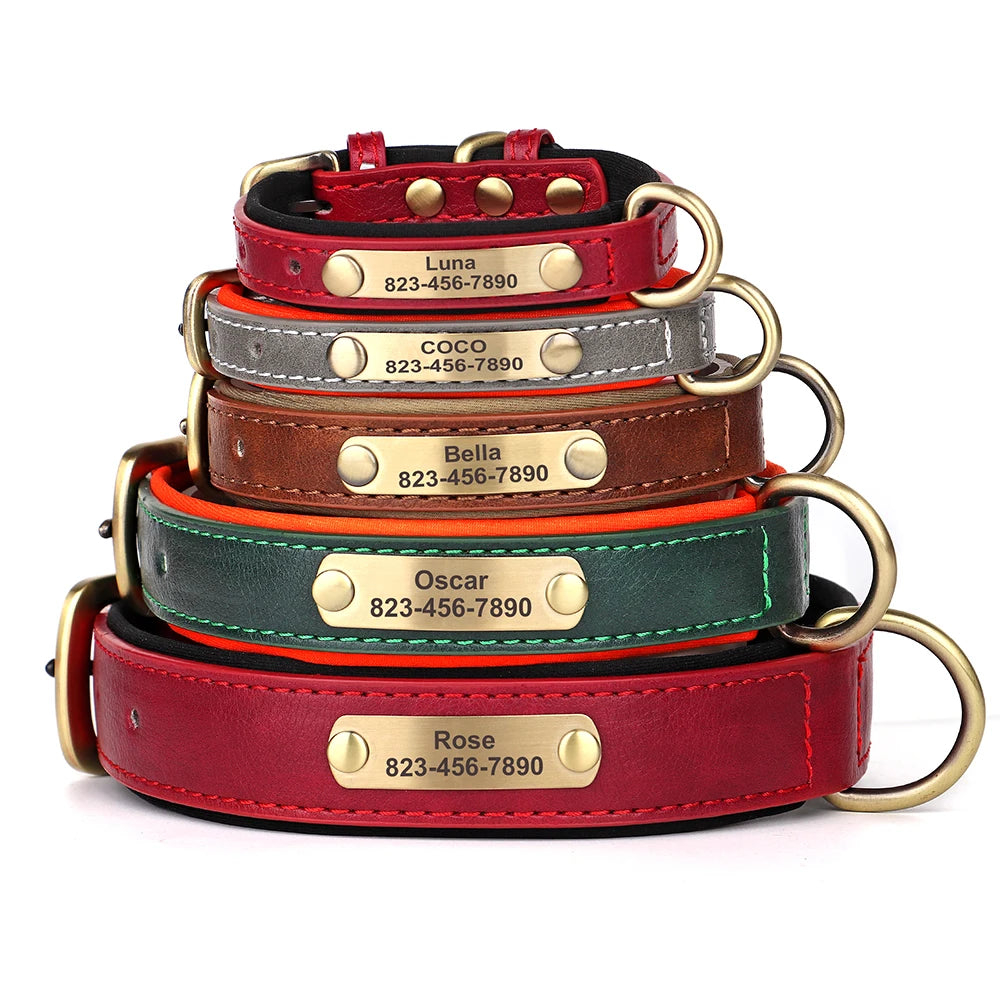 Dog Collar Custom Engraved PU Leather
.....
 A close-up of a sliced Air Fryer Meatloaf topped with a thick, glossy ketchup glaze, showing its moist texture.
.....
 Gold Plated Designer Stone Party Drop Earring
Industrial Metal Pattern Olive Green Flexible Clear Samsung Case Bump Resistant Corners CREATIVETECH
.....
= Your goal =
Retype, in the same exact form, the lines of the material above from the line holding "Gold Plated Designer" through the line holding "Industrial Metal Pattern".

= Result of this task =
 Gold Plated Designer Stone Party Drop Earring
Industrial Metal Pattern Olive Green Flexible Clear Samsung Case Bump Resistant Corners CREATIVETECH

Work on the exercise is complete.